I have asked a few questions about neural networks on this website in the past and have gotten great answers, but I am still struggling to implement one for myself. This is quite a long question, but I am hoping that it will serve as a guide for other people creating their own basic neural networks in MATLAB, so it should be worth it.
What I have done so far could be completely wrong. I am following the online stanford machine learning course by Professor Andrew Y. Ng and have tried to implement what he has taught to the best of my ability.
Can you please tell me if the feed forward and cost function parts of my code are correct, and where I am going wrong in the minimization (optimization) part?
I have a feed 2 layer feed forward neural network.

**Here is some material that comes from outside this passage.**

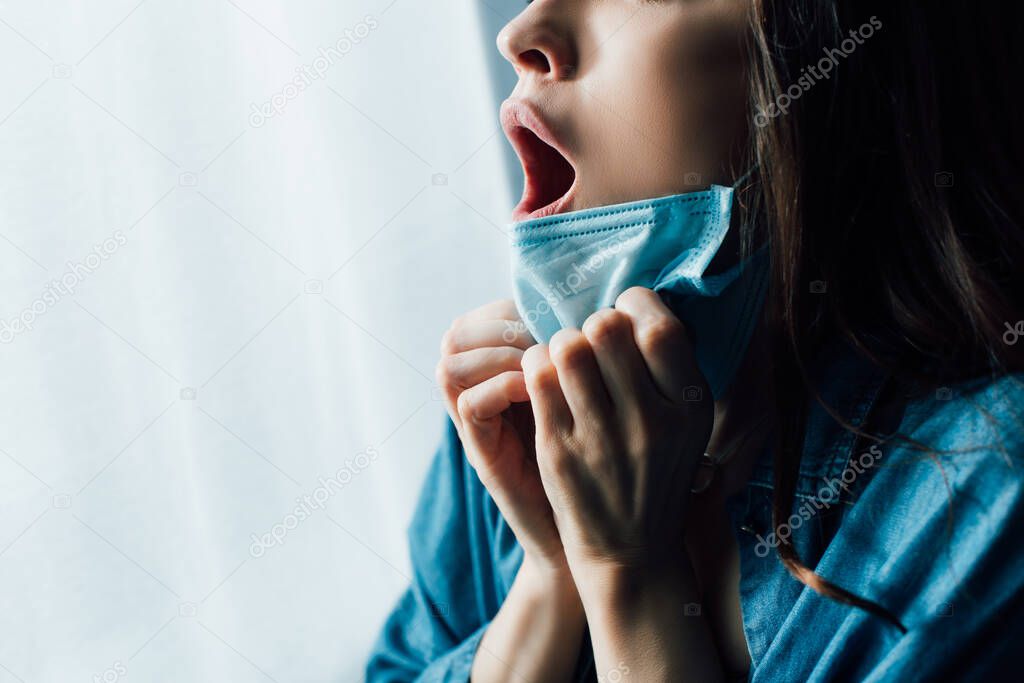 partial view of scared woman with open mouth touching medical mask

The MATLAB code for the feedforward part is:
function [ Y ] = feedforward2( X,W1,W2)
%This takes a row vector of inputs into the neural net with weight matrices W1 and W2 and returns a row vector of the outputs from the neural net
%Remember X, Y, and A can be vectors, and W1 and W2 Matrices
X=transpose(X); %X needs to be a column vector
A = sigmf(W1*X,[1 0]); %Values of the first hidden layer
Y = sigmf(W2*A,[1 0]); %Output Values of the network
Y = transpose(Y); %Y needs to be a column vector
So for example a two layer neural net with two inputs and two outputs would look a bit like this:
a1
x1 o--o--o y1 (all weights equal 1)
\/ \/
/\ /\
x2 o--o--o y2
a2
if we put in:
X=[2,3];
W1=ones(2,2);
W2=ones(2,2);
Y = feedforward2(X,W1,W2)
we get the the output:
Y = [0.5,0.5]
This represents the y1 and y2 values shown in the drawing of the neural net
The MATLAB code for the squared error cost function is:
function [ C ] = cost( W1,W2,Xtrain,Ytrain )

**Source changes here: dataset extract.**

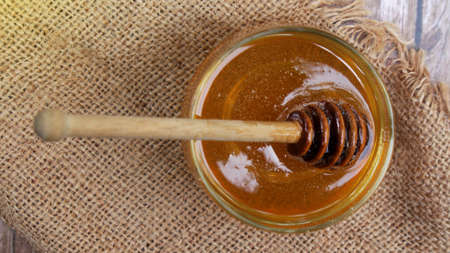 Honey is nutritious for health, stirring with a honey spoon and honeycombの写真素材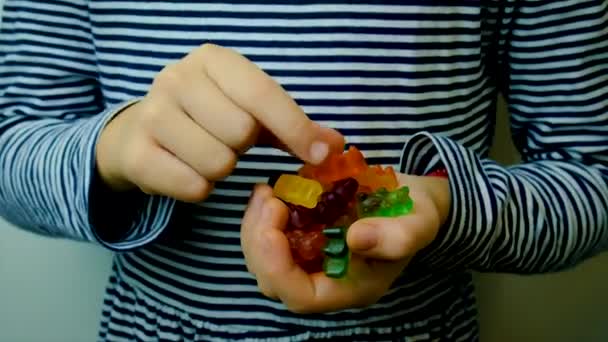 子供はビタミンゼリーキャンディーを食べる。選択的焦点. — ストック動画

%This gives a value seeing how close W1 and W2 are to giving a network that represents the Xtrain and Ytrain data
%It uses the squared error cost function
%The closer the cost is to zero, the better these particular weights are at giving a network that represents the training data
%If the cost is zero, the weights give a network that when the Xtrain data is put in, The Ytrain data comes out
M = size(Xtrain,1); %Number of training examples
oldsum = 0;
for i = 1:M,
H = feedforward2(Xtrain,W1,W2);
temp = ( H(i) - Ytrain(i) )^2;
Sum = temp + oldsum;
oldsum = Sum;
end
C = (1/2*M) * Sum;
end
Example
So for example if the training data is:
Xtrain =[0,0; Ytrain=[0/57;
1,2; 3/57;
4,1; 5/57;
5,2; 7/57; a1
3,4; 7/57; %This will be for a two input one output network x1 o--o y1
5,3; 8/57; \/ \_o
1,5; 6/57; /\ /
6,2; 8/57; x2 o--o
2,1; 3/57; a2
5,5;] 10/57;]
We start with initial random weights
W1=[2,3; W2=[3,2]
4,1]
If we put in:
Y= feedforward2([6,2],W1,W2)
We get
Y = 0.9933
Which is far from what the training data says it should be (8/57 = 0.1404). So the initial random weights W1 and W2 where a bad guess.
To measure exactly how bad/good a guess the random weights weights are we use the cost function:
C= cost(W1,W2,Xtrain,Ytrain)
This gives the value:
C = 6.6031e+003
Minimizing the cost function
If we minimize the cost function by searching all of the possible variables W1 and W2 and then picking the lowest, this will give the network that best approximates the training data
But when I Use the code:
[W1,W2]=fminsearch(cost(W1,W2,Xtrain,Ytrain),[W1,W2])
It gives an error message. It says: "Error using horzcat. CAT arguments dimensions are not consistent."Why am I getting this error and what can I do to fix it?
Can you please tell me if the feed forward and cost function parts of my code are correct, and where I am going wrong in the minimization (optimization) part?
Thank you!!!